After retiring from football back in 2008, Washington hopped back into the game as a coach, starting as a DB coach for the BC Lions from 2008-13 before being promoted to the team’s defensive coordinator position in 2014. He held that position until 2018. Ahead of the 2019 campaign, Washington was named the Ticats’ defensive coordinator.
“He has great energy, he’s a great teacher,” Ticats linebacker Simoni Lawrence told CFL.ca’s Chris O’Leary in August. “A lot of coaches are very smart but they can’t get their knowledge to the players. I feel like he does a great job of putting what’s in his head into our heads.
“Sometimes we’re in the game and you can damn near guess the play call before it happens because he’s prepared us so well.”
Kilam has been with the Stampeders for 15 years and has served as the team’s special team’s coordinator for a decade. He was also named Calgary’s assistant head coach ahead of the 2019 campaign.
He first joined the team as a strength and conditioning coach and helped in the coaches’ box midway through the 2005 season. He was named the defensive quality control coach a season later and then became the linebackers coach in 2007. He transitioned into his current role not too long after.
Kilam has won three championships during his time in Calgary (2008, 2014, 2018) and the special teams were a big reason for their latest Grey Cup victory. Terry Williams had a punt return touchdown while Riley Jones forced a fumble on an Ottawa return.
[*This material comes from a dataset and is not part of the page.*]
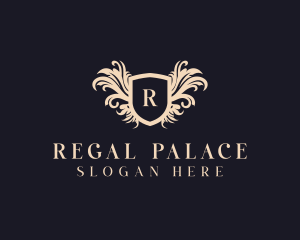 Royal Boutique Luxury logo design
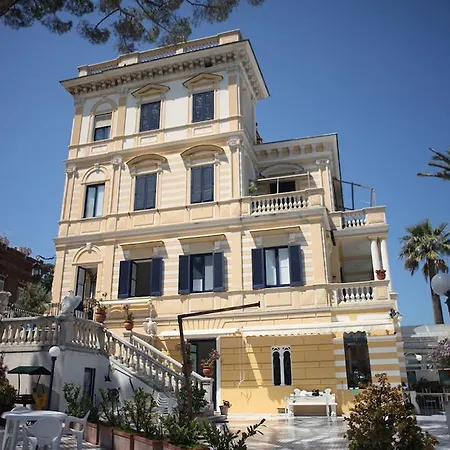 La Terrazza Półwysep Sorrentyński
With former special teams coordinators like Mike O’Shea and Craig Dickenson finding success as head coaches, Kilam could be the next man to continue that trend.
The REDBLACKS didn’t have to look too far to come up with Dyce as a candidate. He has served as Ottawa’s special team’s coordinator since 2016.
Dyce began his CFL coaching career with the Winnipeg Blue Bombers in 2003 as a receivers coach. He stayed in that role through 2009 before leaving for the rival Saskatchewan Roughriders, where he started as the team’s receivers coach and passing game coordinator. He wore many different hats with the Riders during his stay from 2010-15, serving as the offensive coordinator, special teams coordinator and even interim head coach in 2015.
When Corey Chamblin was relieved of his duties midway through the 2015 season, the team tapped Dyce to run the team for the remainder of the year. He finished with a 3-6 record. Saskatchewan ultimately decided to bring in Chris Jones to be their HC in 2016 while Dyce made the move to the nation’s capital.